And those you may lose track of. So you don’t know what kinds of jobs. So for, I guess maybe it’s a two-part question. So what percentage or, and I don’t need any accurate numbers here, but how many of the students that come through your program are going to go to work right after? And if so, what kinds of jobs are they getting and how many of them or what roughly you’re moving on to a higher degree or a bachelor’s or a master’s degree.
Bryan Deehring:
So I can give you one step better, which is not going to make anyone happy that’s listening. So I have an incredibly competent, skilled, highly intelligent student, graduated top of his class valedictorian. He’s a career changer now.
Young career changer, he has worked in a previous field which has a level of risk management, incident response and exigent circumstances that is far superior than anyone within a security operation center is ever going to have to deal with. And it took him 18 months to get his job.
Now, that’s why you don’t put me on the keynote at some places. But so what’s interesting is that there is a gridlock between hiring managers, the HR filter and those that are truly wanting to get the job and it hasn’t been solved yet. And every year we go to conferences and we try to come up with new solutions and we try to figure this out.
It’s like a combination lock with maybe there’s like six dials now on it, maybe there’s seven. We’ve only figured out four or five or six of them. So there’s been a challenge even with the top of class professionals with entry level certification to sometimes get the job. And so that’s not to say it’s all a wash, but the point I want to make is it’s not the same as going into retail.
You want to get into retail, show up at the store, they’ll tell you what days they do interviews. If you want to work in restaurant tourism, again, there might be even a posting when you go to that particular restaurant or place of business to say, Hey, here’s how we do it and please come and show up for the interview with a lot of even entry level positions, and this will actually get back to soft skills.
They’re stuck on wanting a 30 year professional who in the workforce might charge $250k, $400,000, $700,000 a year. Someone like me who if I left academia, those are the things that are out there and someone who’s 20 years old or 21 years old just coming out of school, they want the entry level analyst with all of this perspective and experience and they need a bit of a reality check.

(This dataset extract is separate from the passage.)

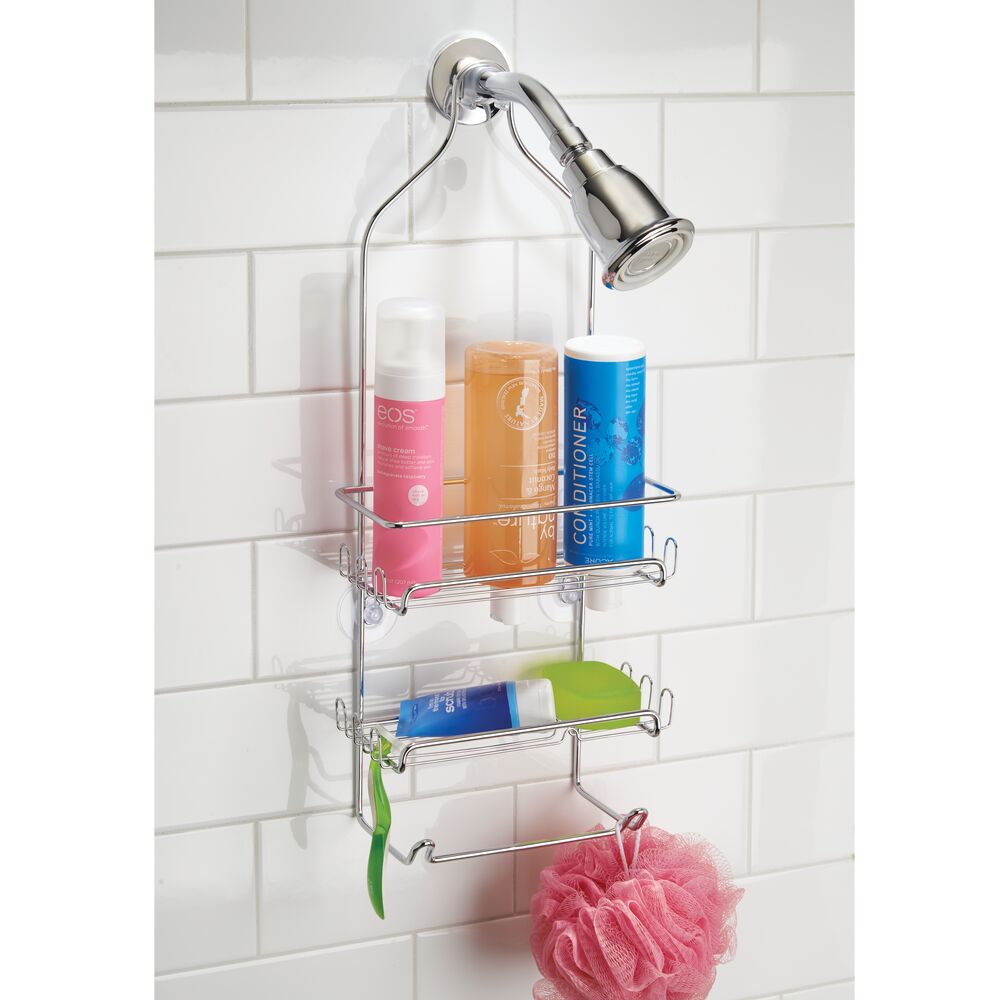 Interdesign Bathroom Shower Suction Caddy Holder for Shampoo, Conditioner, Soap - Clear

And again, this comes back to me, what I encourage my students and kind of train them up to with interviewing, in fact in the classroom we call it main board versus sideboard stuff. And what I continually, so sideboard can be current events, it could be stuff that’s not being tested on but’s relevant to the topic. And it’s also including things that need to come through when you’re interviewing and presenting yourself. And that has to be, and this sounds cliche, but confidence wins overall.
You could be in the room with Caesar or some charismatic enigmatic leader and confidence attracts it can’t be dumb confident, it can’t be like this false confidence, but the confidence will come through even at entry level through honesty, and that has to present itself. Otherwise you’re going against their false reality that they’re getting a 30 year professional and you need to crack the code to say, listen, you’re seeking someone new and hungry and they’re in front of you.
Steve Bowcut:
That is so fascinating. So let me interject here just a little bit. I hear the complaints in the industry. The hiring managers are given a list of all the things that they want and they’re giving you an entry level income. And industry academia is saying, well, that’s not very realistic. I mean, you’ve just described in your job notification, somebody who’s got 30 years industry experience and you’re going to put them in the soc.
So there is that tension that I’ve noticed, but what I don’t maybe have a firm grasp of, and you would have a better view at this than I do, is do they really expect that that’s what they’re going to get? Or will the student coming out with a brand new sparkling degree if he exudes some confidence and just is honest with them, said, no, I don’t have all of these things that you’ve asked for, but this is what I do have.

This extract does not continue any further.